- [The task]: Every record should be restated exactly, with no images included.

──────── Provided records ────────

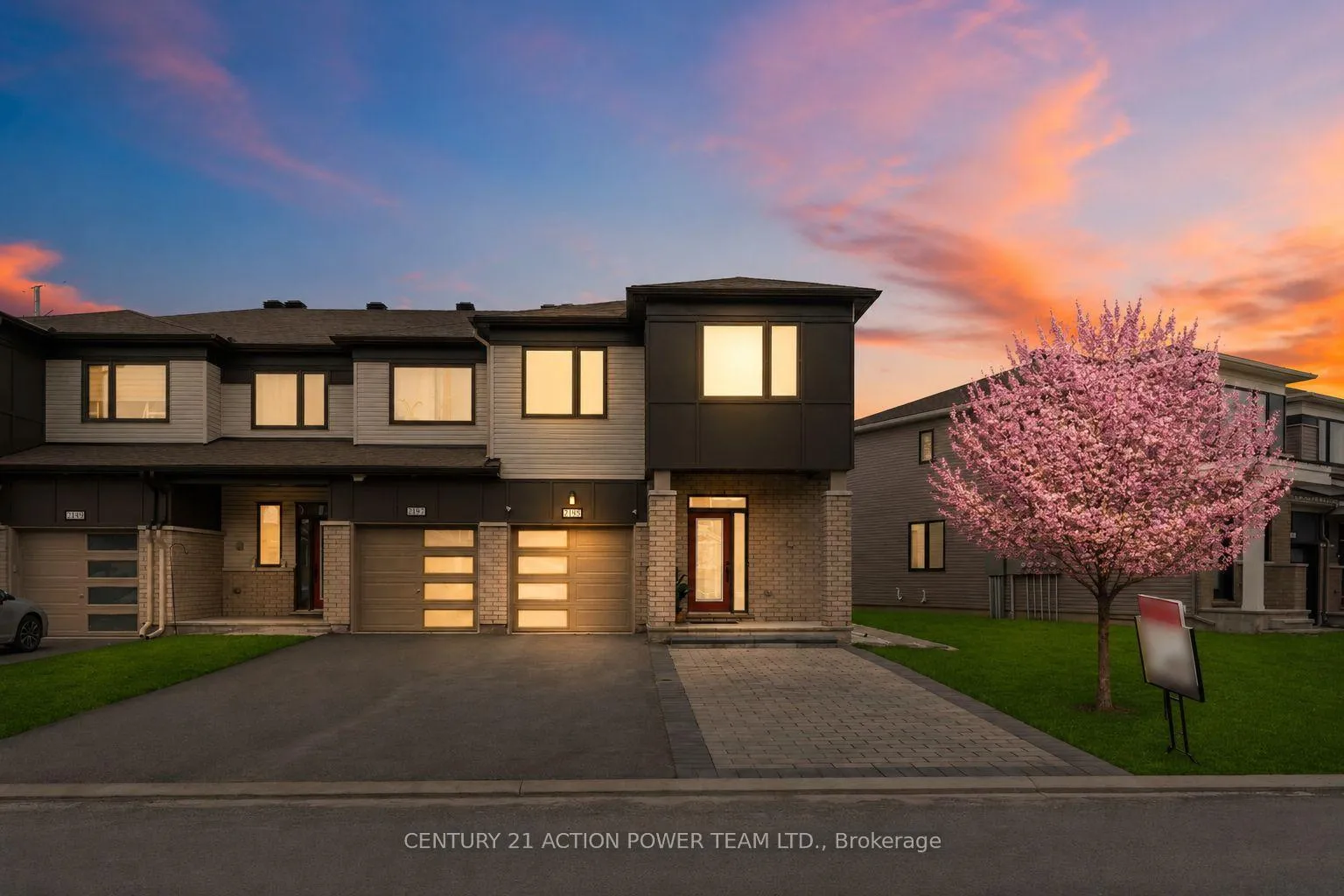 Photo 1 of 2195 Winsome Terrace, Ottawa, Fallingbrook/Gardenway South — HOMEH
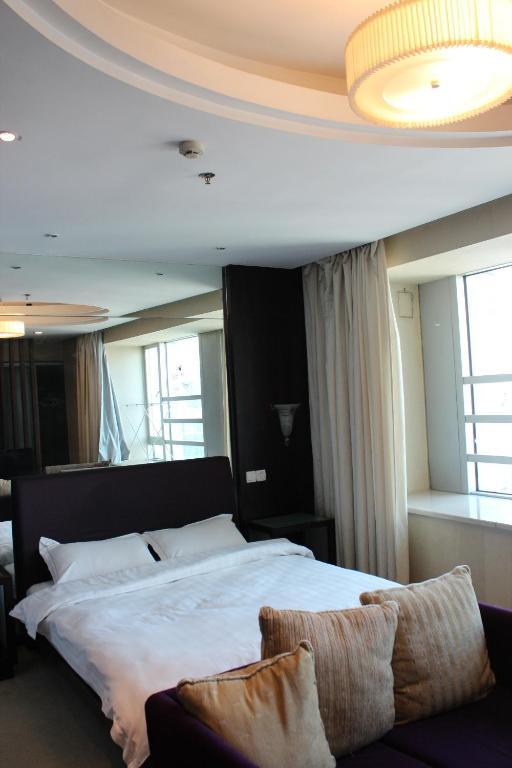 Shanghai Lanan Apartment المظهر الخارجي الصورة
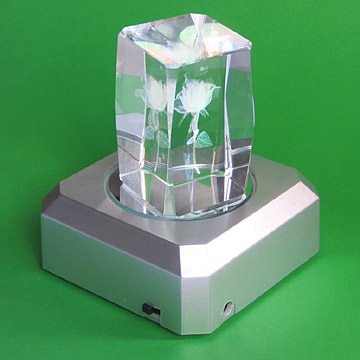  Crystal Lamp (Crystal лампа)
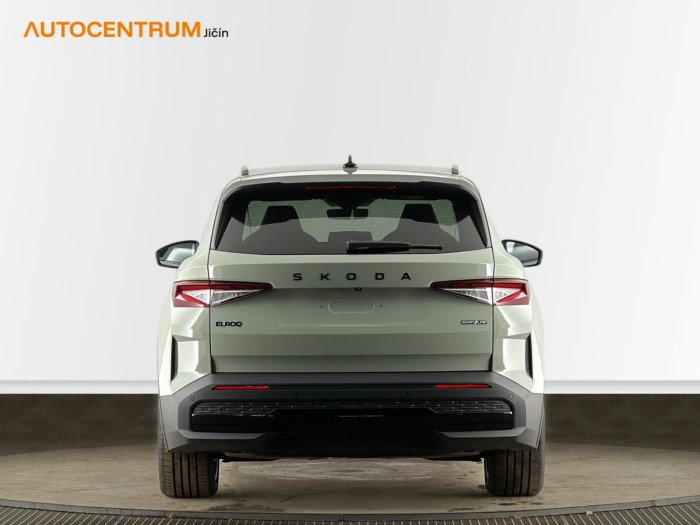 Škoda Elroq Sportline 85 na operativní leasing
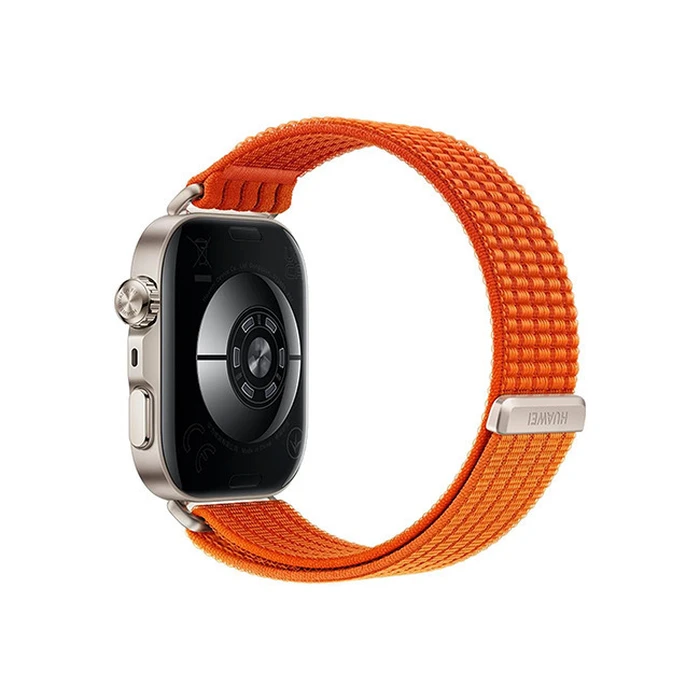 HUAWEI Watch Fit 5 Pro (Niki-B29W) gradient πορτοκαλί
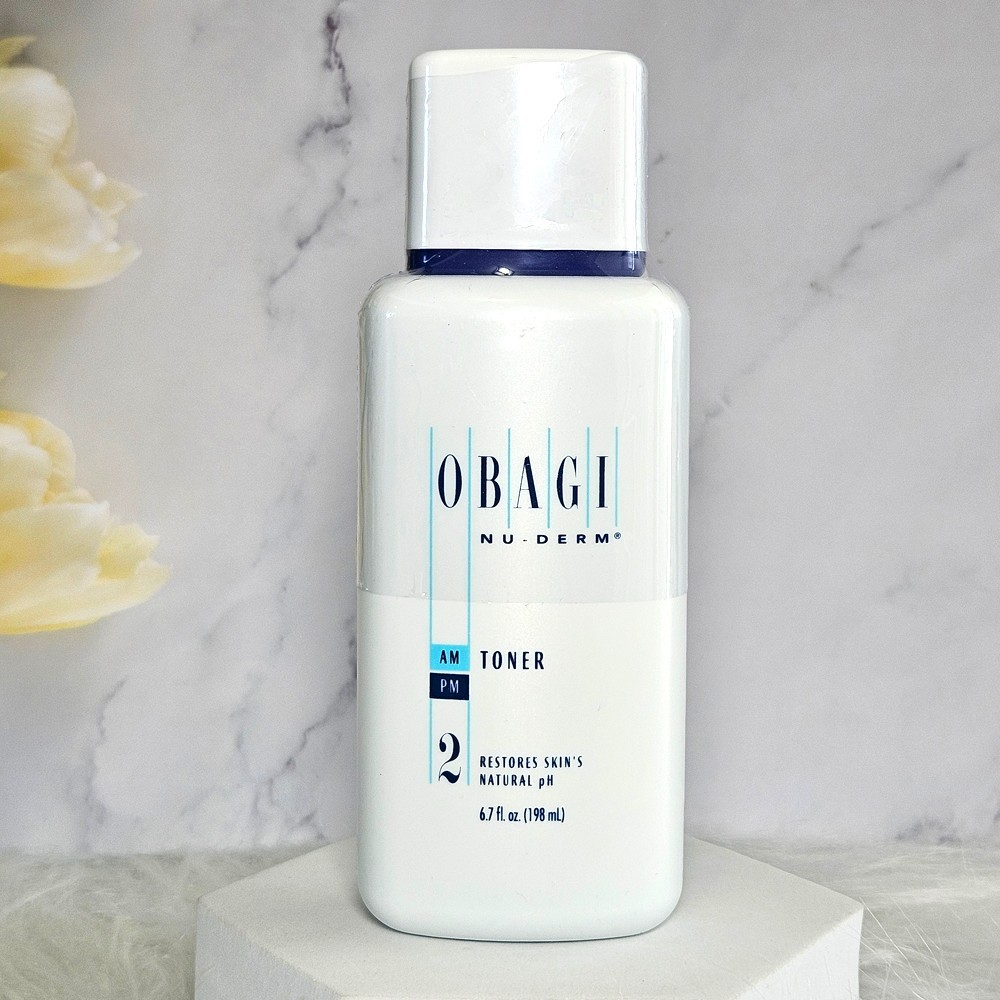 OBAGI Nu Derm Toner 6.7 oz 198ml AUTHENTIC Sealed NEW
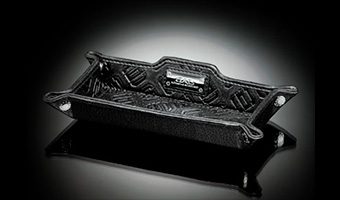 D.A.D ラグジュアリー ミニトレー タイプ モノグラム【HA094】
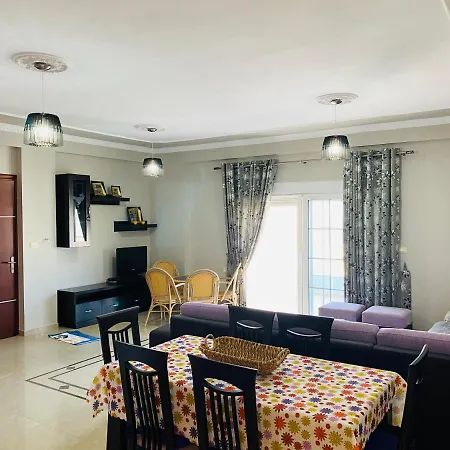 Apartamento Salt Life Sarandë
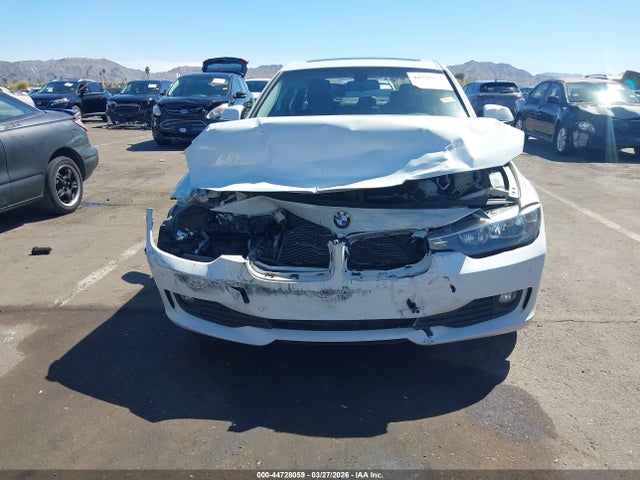Aukcja sprzedaży 2015 Bmw 320i, vin: WBA3B1G53FNT07928, numer aukcji: 44728059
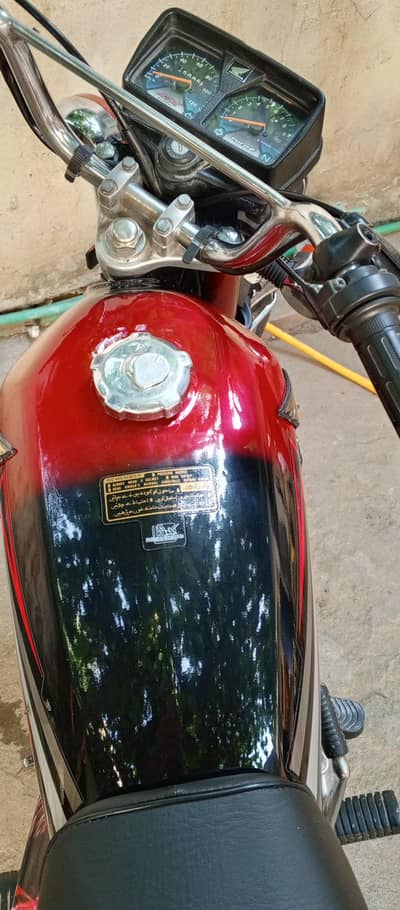 Honda 125 for sale 10/10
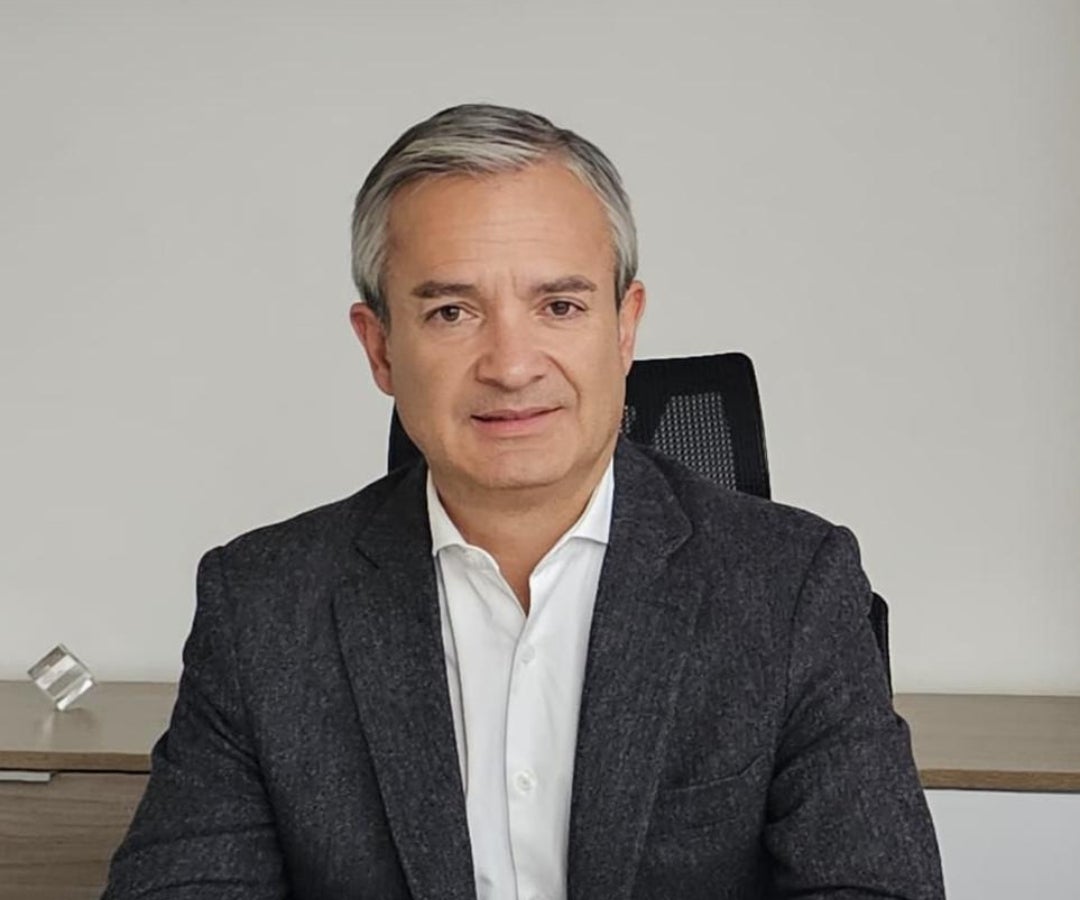 Carlos Sánchez, presidente de BMI Seguros Colombia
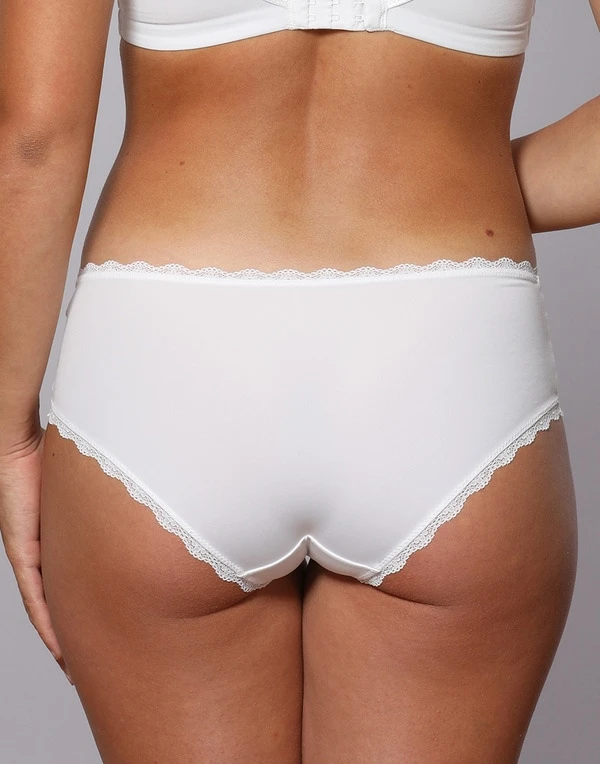 Panty "Pure Basic" Ivory 2 Panty "Pure Basic" Ivory – Bild 2
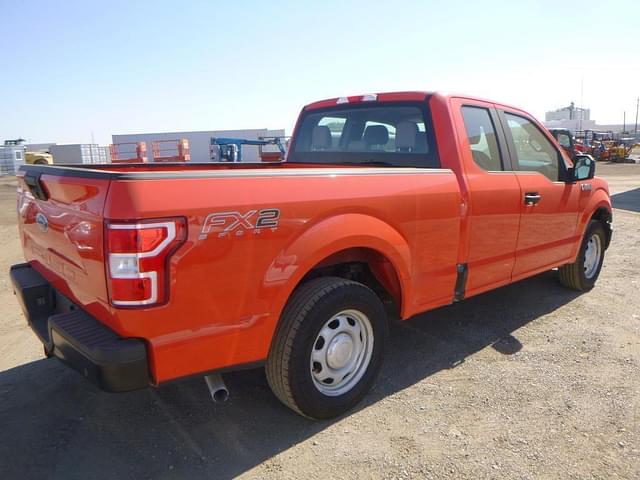 Image of Ford F-150 equipment image 2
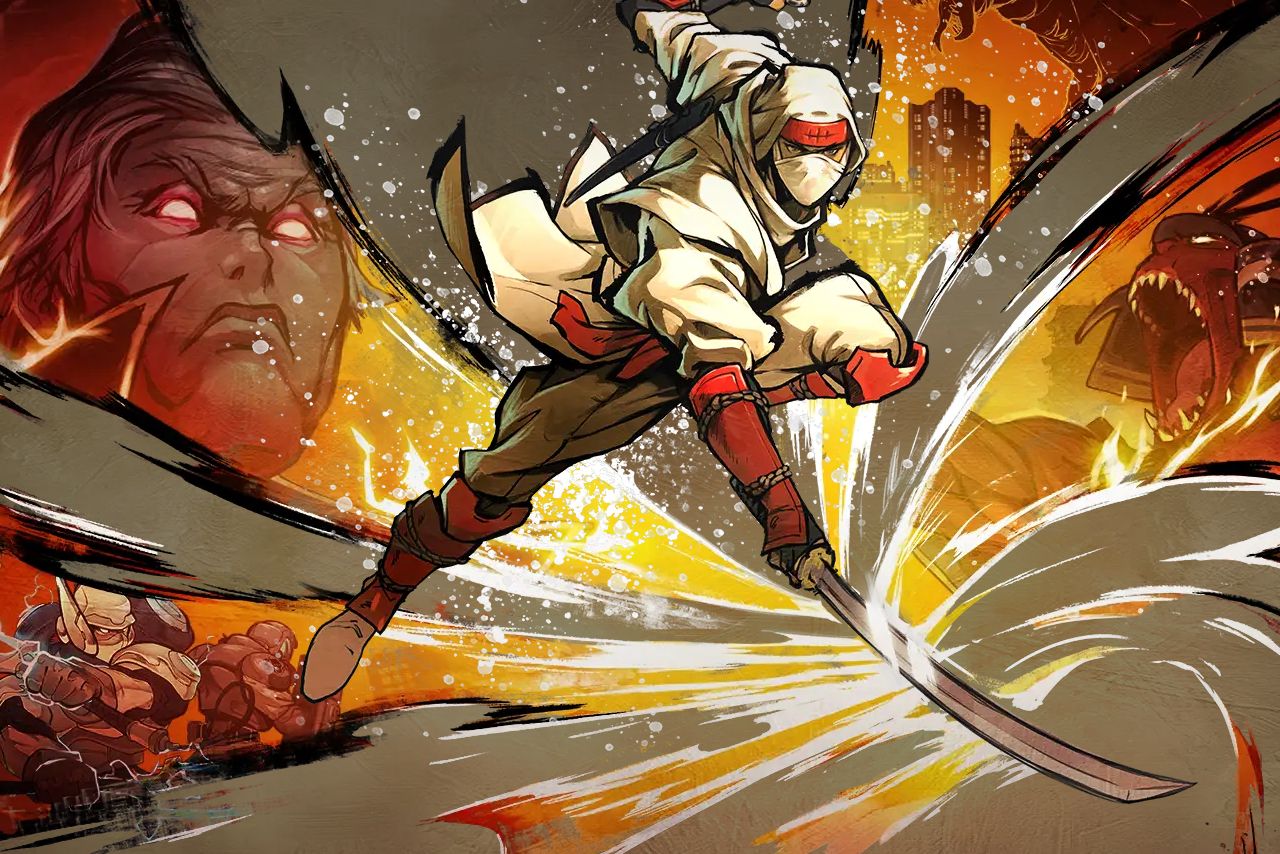 Shinobi: Art of Vengeance Launches Worldwide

────────

- [Result]:
 Photo 1 of 2195 Winsome Terrace, Ottawa, Fallingbrook/Gardenway South — HOMEH
 Shanghai Lanan Apartment المظهر الخارجي الصورة
  Crystal Lamp (Crystal лампа)
 Škoda Elroq Sportline 85 na operativní leasing
 HUAWEI Watch Fit 5 Pro (Niki-B29W) gradient πορτοκαλί
 OBAGI Nu Derm Toner 6.7 oz 198ml AUTHENTIC Sealed NEW
 D.A.D ラグジュアリー ミニトレー タイプ モノグラム【HA094】
 Apartamento Salt Life Sarandë
Aukcja sprzedaży 2015 Bmw 320i, vin: WBA3B1G53FNT07928, numer aukcji: 44728059
 Honda 125 for sale 10/10
 Carlos Sánchez, presidente de BMI Seguros Colombia
 Panty "Pure Basic" Ivory 2 Panty "Pure Basic" Ivory – Bild 2
 Image of Ford F-150 equipment image 2
 Shinobi: Art of Vengeance Launches Worldwide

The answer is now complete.